Lembrar a luta e as vitórias da única revolução popular que chegou ao poder no Brasil foi objetivo do Ato Político e Cultural realizado na manhã deste domingo, 07, em Belém. O Grande Cortejo Cabano reuniu movimentos sociais para lembrar os 189 anos da revolução que tirou do poder o representante do governo brasileiro e conseguiu governar por três anos a capital.
Os ideais de justiça e liberdade ecoaram por Belém naquele longínquo 1835, alavancados pela repressão do governo imperial sobre o povo pobre e simples de Belém e pela violência com que povo era tratado. Mesmo sendo um movimento vitorioso, hoje é relegado ao esquecimento pelos livros de história, lembra o representante do Movimento de Atingidos por Barragens (MAB), Miguel Dantas.
“A importância de lembrar esse movimento em 2024 é porque a Cabanagem foi silenciada através do tempo. A história oficial tentou apagar a Cabanagem do mapa. Se você pegar hoje os livros de história, a Cabanagem está em dois parágrafos. E por que isso? Porque faz parte de um projeto não deixar que o povo do Norte, o povo que é explorado ainda hoje, que têm seus direitos retirados, que vê suas reservas naturais sendo enviadas para o exterior, tenham essa memória, a memória desses revolucionários que lutavam por direitos. Querem que não saibamos que somos capazes de vencer a luta contra a exploração”, diz Miguel Dantas.
Manter viva a luta
O integrante do Movimento de Lutas nos Bairros Vilas e Favelas (MLB), Gian Borges, 25 anos, psicólogo, faz coro sobre a importância de se manter viva a luta e os ideais cabanos.
“É extremamente importante que a prefeitura esteja à frente desse processo de retomar a memória do que foi a Cabanagem, porque é um conhecimento muito negligenciado pela nossa população.
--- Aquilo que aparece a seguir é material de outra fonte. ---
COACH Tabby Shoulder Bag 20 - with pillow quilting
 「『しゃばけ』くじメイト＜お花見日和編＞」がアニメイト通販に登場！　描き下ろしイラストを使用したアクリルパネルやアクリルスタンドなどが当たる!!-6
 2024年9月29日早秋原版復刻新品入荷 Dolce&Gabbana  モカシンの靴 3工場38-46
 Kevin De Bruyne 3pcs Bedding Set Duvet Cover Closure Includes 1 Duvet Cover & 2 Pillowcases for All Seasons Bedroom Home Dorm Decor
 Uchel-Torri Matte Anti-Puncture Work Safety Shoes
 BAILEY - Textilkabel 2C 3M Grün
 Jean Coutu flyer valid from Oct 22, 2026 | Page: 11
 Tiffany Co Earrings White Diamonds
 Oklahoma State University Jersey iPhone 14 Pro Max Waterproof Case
Eu mesmo ouvi falar muito por alto do que era o movimento cabano e só depois de participar dos movimentos sociais foi que eu passei a conhecer melhor a Cabanagem. A população precisa saber o que foi esse movimento da cabanagem e saber que é possível, sim, o povo tomar o poder e construir uma grande revolução em nosso estado”, aponta o participante.
O Grande Cortejo Cabano começou na Praça do Relógio às 9h, com os representantes dos movimentos sociais fazendo falas sobre como hoje os ideais cabanos ainda precisam ser exaltados diante da conjuntura política existente no Brasil e no mundo. O Coordenador de Relações Internacionais da Prefeitura de Belém, Luiz Arnaldo Campos, lembra que as questões que levaram o povo ao levante em 1835 continuam em vigor até hoje.
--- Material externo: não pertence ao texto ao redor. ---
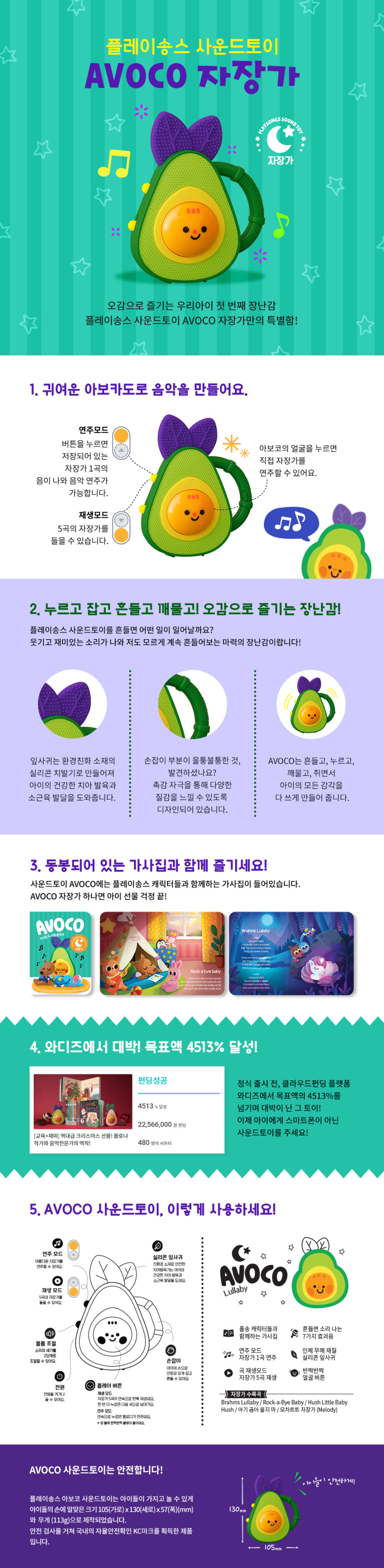 아보코🥑 사운드토이
베스트 2종 100개 한정 상세 이미지 2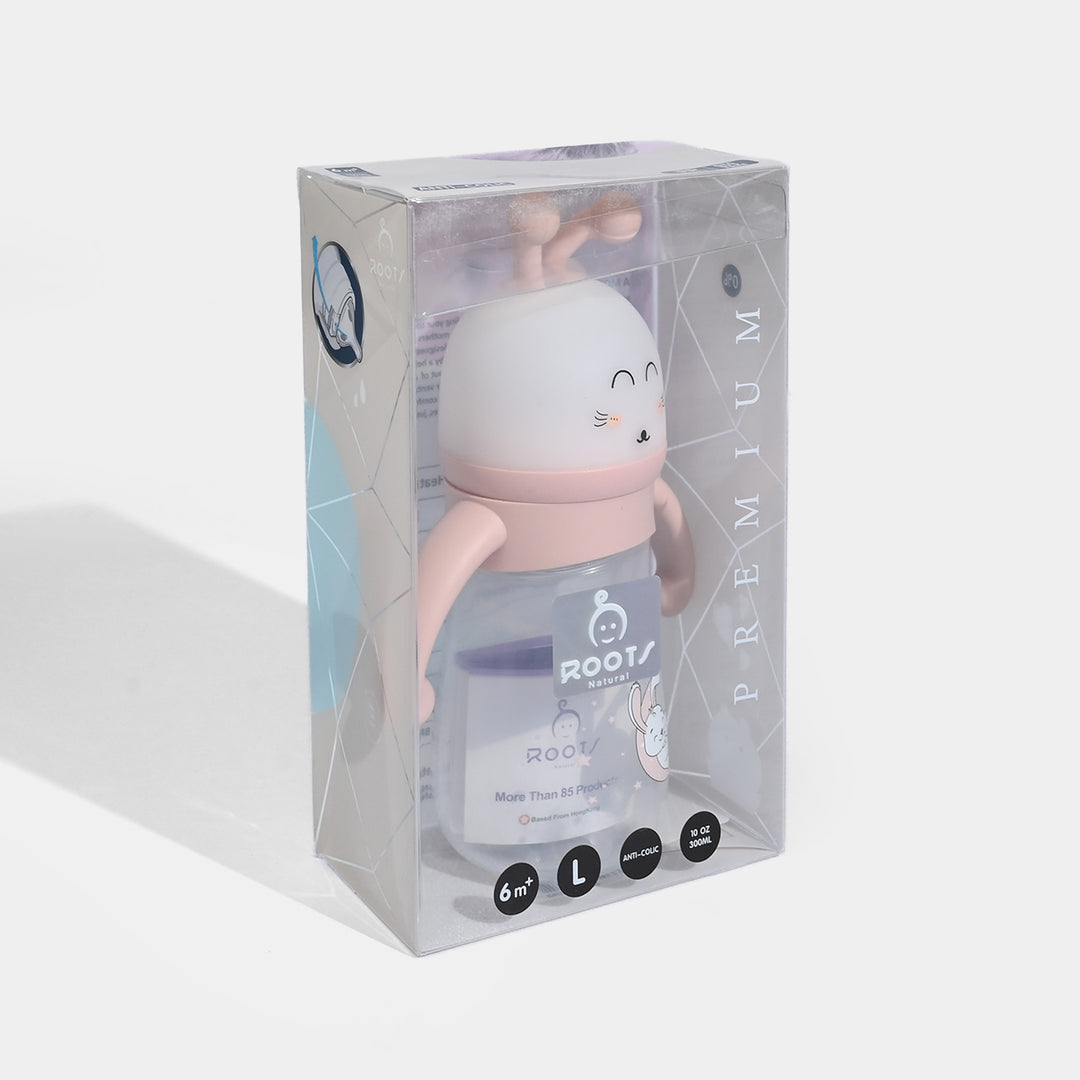 Roots Feeder Bottle Pink | 300ML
“São duas questões importantes que devem ser levantadas ao lembrar do evento da Cabanagem: Uma, o povo pode se unir. Na Cabanagem tivemos indigenas, negros escravizados, gente pobre da cidade, ribeirinhos, lutando por uma causa comum, embora com vários interesses, conseguiram se unificar. Dois, o povo pode lutar. Pode dizer que não está satisfeito e pode dar um basta. E ainda tem mais uma, o movimento da cabanagem mostra que o povo pode ousar ser governo, se autogovernar e dizer que a melhor forma de ser governo é o governo que o povo produz”, explica o coordenador.
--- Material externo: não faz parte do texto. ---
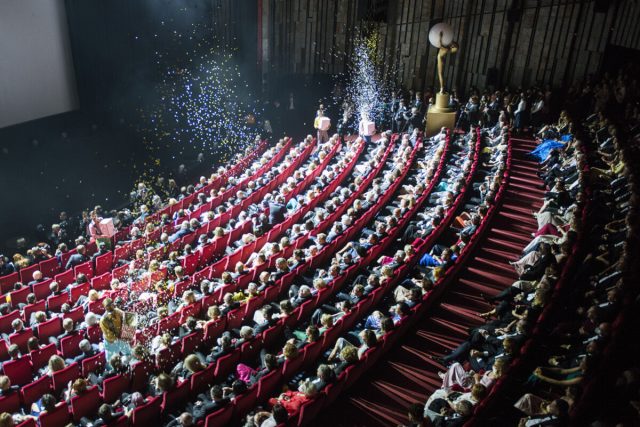 Slavnostní zahájení filmového festivalu v Karlových Varech 2021 | foto: Film Servis Festival Karlovy Vary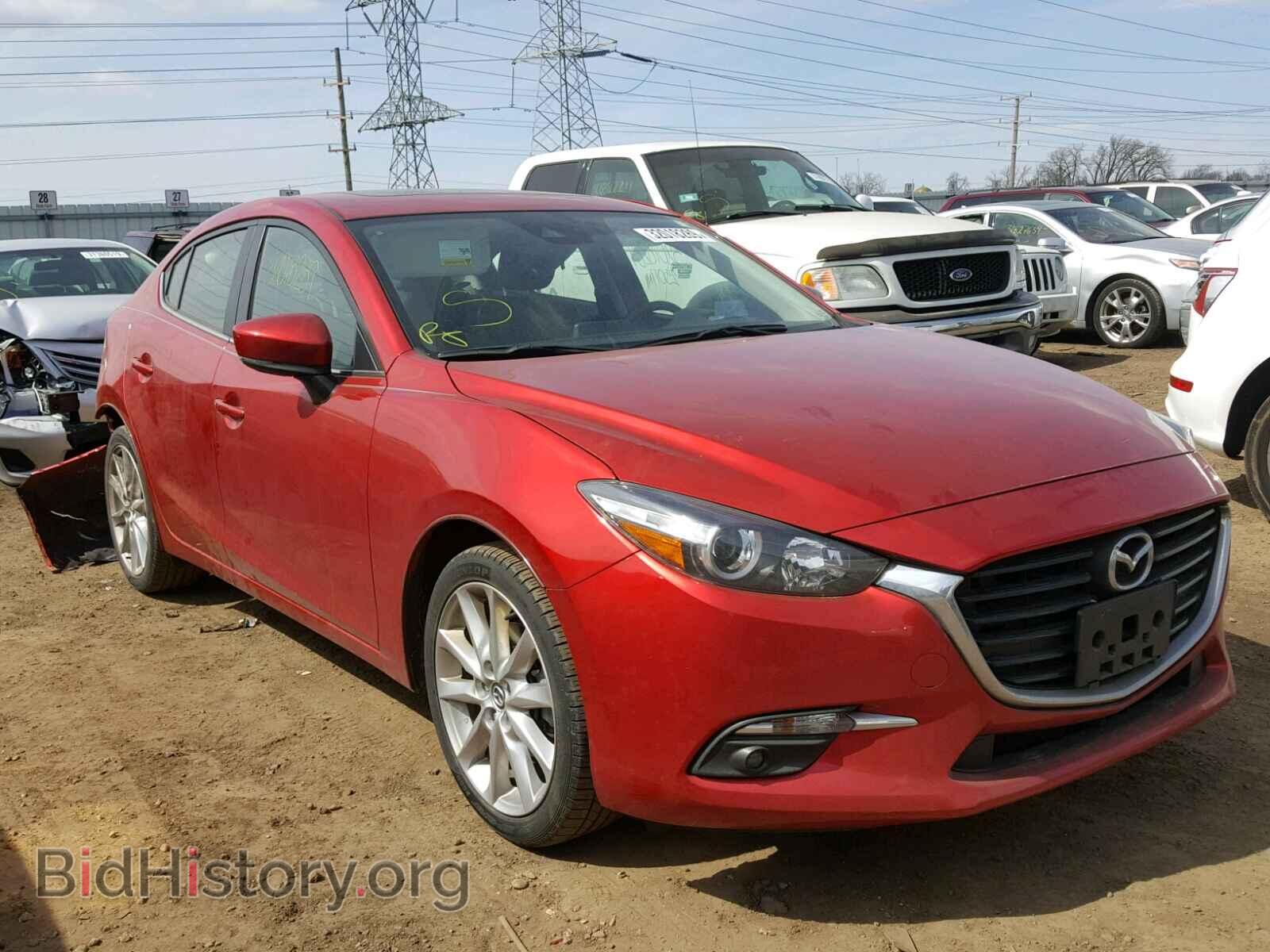 Фотография 3MZBN1W36HM138360 - MAZDA 3 2017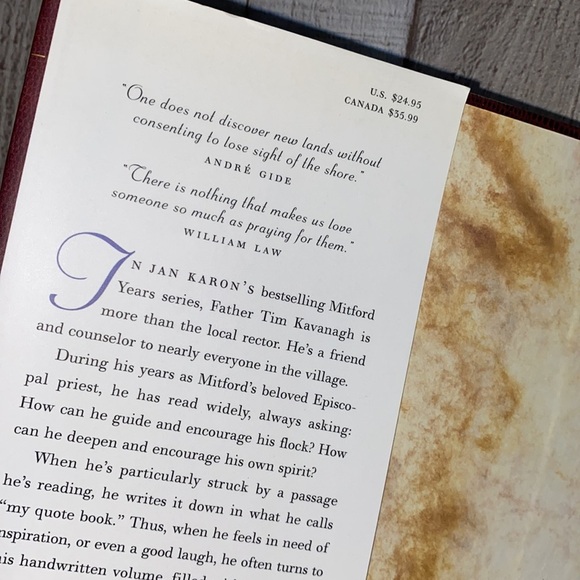 Patches of God light by Jan Karon book - Picture 2 of 11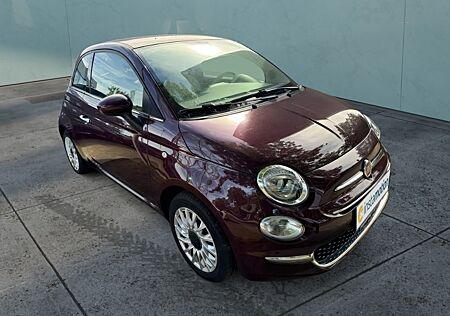 Fiat 500 Lounge 1.2 8V EU6d-T Apple CarPlay Android Auto Musikstreaming Temp Tel.-Vorb. PDC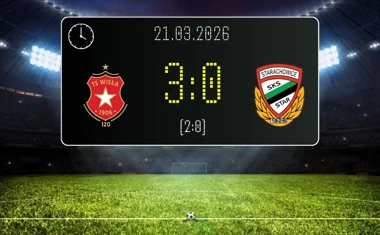 [PIŁKA NOŻNA] Betclic 3. Liga Grupa 4 (Grupa IV): Wisła Kraków II – Star Starachowice 3:0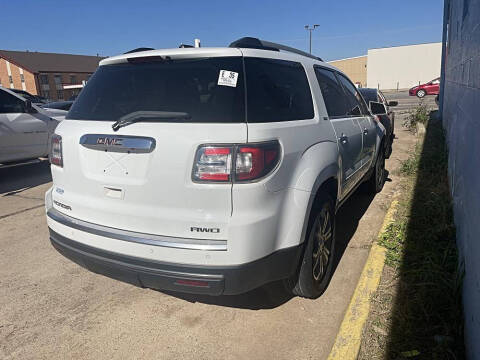 2016 GMC Acadia SLT-1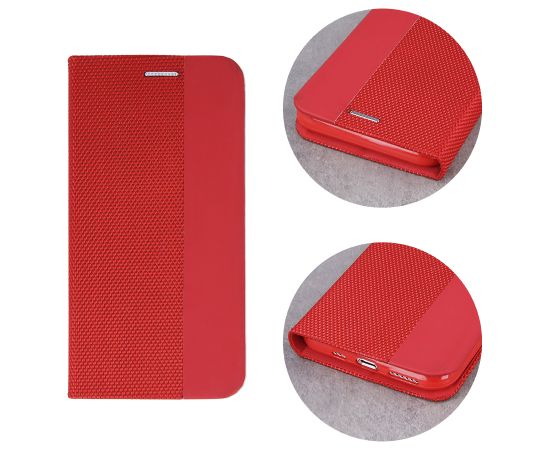 Case Smart Senso Samsung A725 A72 red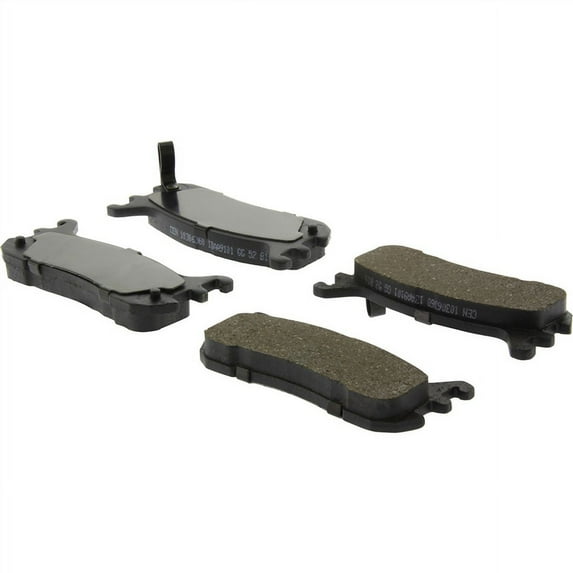 C-Tek Ceramic Brake Pads with Shims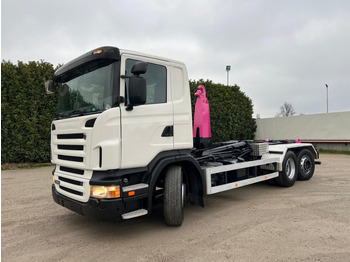 Kamion sa hidrauličnom kukom SCANIA R 380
O ato político e cultural terminou no Boulevard da Gastronomia com a banda da Guarda Municipal e com a encenação da Revolução Cabana.
Cabanagem
A Revolução da Cabanagem, que durou de 1835 a 1840, foi a única das revoluções brasileiras da época que conseguiu tomar o poder do Governo Imperial Brasileiro e governou a capital por três anos. Formados, em sua maioria, por negros, pobres das cidades, indígenas e ribeirinhos, os cabanos lutaram contra as imposições do poder central brasileiro que acentuou a crise social e econômica vivida na região.
Na noite de Reis, de 6 de janeiro de 1835, a sede governamental de Belém do Pará foi tomada pelos cabanos, que instituiram o novo presidente, o militar Félix Clemente Malcher. Porém, Clemente Malcher, mais identificado com a elite dominante, traiu a revolta, sendo sucedido por outro lider do movimento, Eduardo Angelim.
Mesmo quando o império conseguiu, por meio de muita repressão, retomar o poder na capital, muitos cabanos continuaram a lutar pelo interior do Estado. O império usou novamente o poderio militar para sufocar a revolta e, em 1840, promoveu um extermínio em massa da população paraense. Estima-se que cerca de 30 a 40% da população de cem mil habitantes do Grão-Pará tenham morrido no conflito.
Em homenagem ao movimento Cabano, em 1985 foi erguido um monumento, projetado pelo arquiteto Oscar Niemeyer, na entrada da cidade de Belém, o Memorial da Cabanagem.